Most of LV participants expressed interest in assistive technology such as image enhancement for TV (67/104) and for computer viewing of videos (50/74). This high rate of interest may be a reflection of recruitment bias, as our LV participants tended to be motivated to seek available rehabilitation options, as many attended the institute for vision rehabilitation research study participation. Typically, image enhancement involves modification of the image that is displayed, and an image that is acceptable to LV viewers may not be acceptable to normally-sighted viewers.26 If much TV and video watching by LV viewers occurred in the presence of normally-sighted viewers, and could hinder the joint enjoyment, image enhancement might not be a useful rehabilitation strategy. In our survey, we observed that half of the TV viewing time by LV participants (Figure 2b) was without another viewer (similar to that of NS participants, Figure 2a). For computer video viewing, it was much less common to view in the presence of another viewer (about 20%). Also, on average there were more than two TVs per household in our survey and the national average is almost three: 31 We did not ask the number of people at home, so it is possible that even when only one TV is reported, it could be a personal TV used only by the participant. The results of this survey suggest that most people with LV have access to a TV that they could watch without interfering with the viewing experience of NS viewers. Obtaining effective magnification through a short viewing distance will interfere with the viewing experience of others watching the same screen. Further, while telescopes and binoculars can serve as visual aids for the intermediate viewing distances of TV and computer viewing, the need to maintain a fairly steady head position due to the limited field of view can make them difficult to use (if the head is not kept steady, the screen may no longer be visible). Since image enhancement of the video image can be viewed with more natural head and eye movements, it may be more widely used. Therefore, the development of image enhancement for vision rehabilitation to improve the video viewing experience of LV patient is a valuable endeavour.

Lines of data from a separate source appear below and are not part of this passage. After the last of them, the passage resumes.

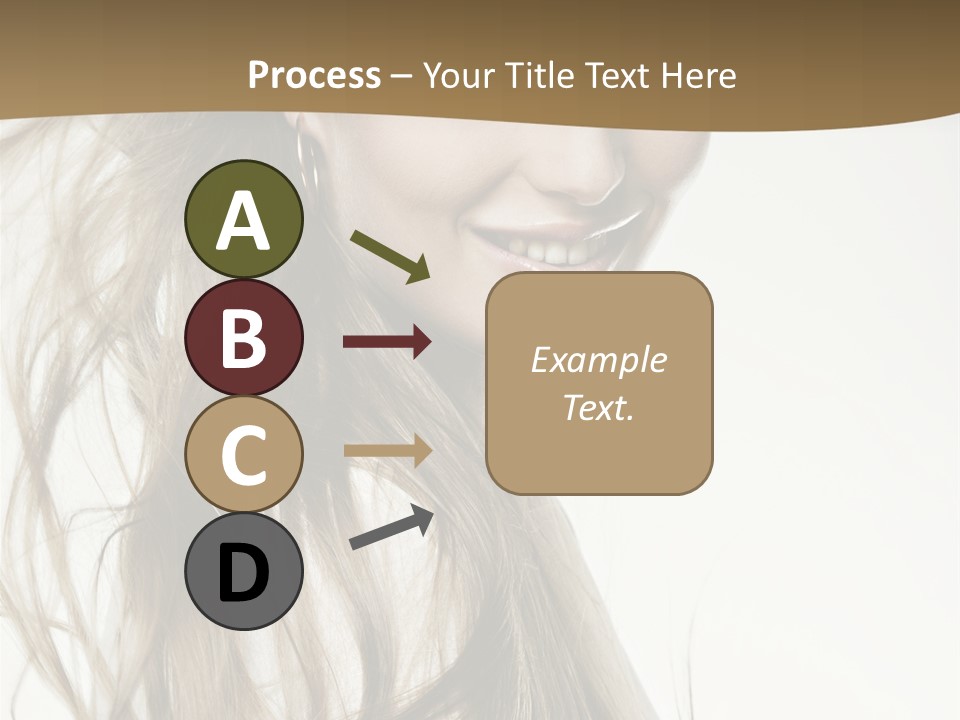 Background Caucasian Clean PowerPoint Template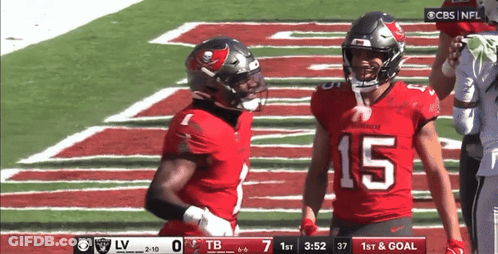 Football Player 15 Talking To Another Player GIF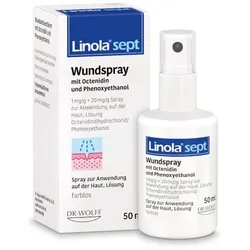 Linola sept Wundspray - Desinfektion bei Wunden 50 ml Lösung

Currently, it is often suggested in the media that computers and other video display devices, which frequently draw content from the internet, are being used instead of the TV, particularly by younger people. Within our sample, only three participants (1 LV and 2 NS) reported not having a TV at home and using the computer as their primary source to watch videos, including material that might otherwise have been viewed on TV. Older participants were less likely to have a computer at home, less likely to view video on the computer, accessed the internet less frequently, less likely to own a handheld device with video capabilities and less likely to use a portable DVD player. There was no difference between LV and NS groups for computer access, video viewing, handheld device ownership and portable DVD player use. The greater frequency of internet access by the NS group was probably related to access at work. Great difficulty viewing videos on the smaller portable device screens was commonly reported by LV participants both young and old.
Study Limitations
The questionnaire was not developed in a systematic manner, such as that used for quality of life instruments. Some of the questions (Appendix) may be considered technical or difficult (e.g. asking the size and distance of displays). It is possible that such difficult questions might produce variable responses, and the resultant low reliability could make it more difficult to find affects. Since the questionnaire was always administered by an interviewer, the interviewer was able to facilitate the response process, for example, by providing an explanation or alternative phrasing of the question, and by assisting the participant in assessing the size and distance of displays. The questionnaire could be improved and an assessment of its reliability would be appropriate. Visual acuity of participants was often not assessed at the time of the survey administration, introducing a potential source of error. Even so, we were surprised at how similar the visual acuities reported by participants were to those that we had measured at previous visits (confidence limits for visual acuity measures in such populations are about 2 to 3 lines).39, 40
Most of the participants in this survey study had attended the institute in relation to our low vision research. Those people might be more active (e.g. prepared to leave their home) than the general population. These people may also be more prepared to try new things, such as computers and other electronic devices than the general population. Most of our study participants (202/223) were recruited from the geographical location of New England, USA (Massachusetts, New Hampshire, Vermont, Rhode Island, Connecticut and Maine) area, majority of whom were from Massachusetts (189/202). In the greater Boston (Massachusetts) region, within which most participants lived, there is better public transportation than in most parts of the USA, and this may allow people with reduced vision to more easily participate in activities outside the home. As a further indication of this possibility, in our sample, the participants reported slightly fewer (average 2.1) TVs per household than the national average of 2.9.31 Also, our survey did not include questions about the socio-economic status or the educational level of the participants. Hence some caution needs to be applied when using this data to compare it with patient population elsewhere.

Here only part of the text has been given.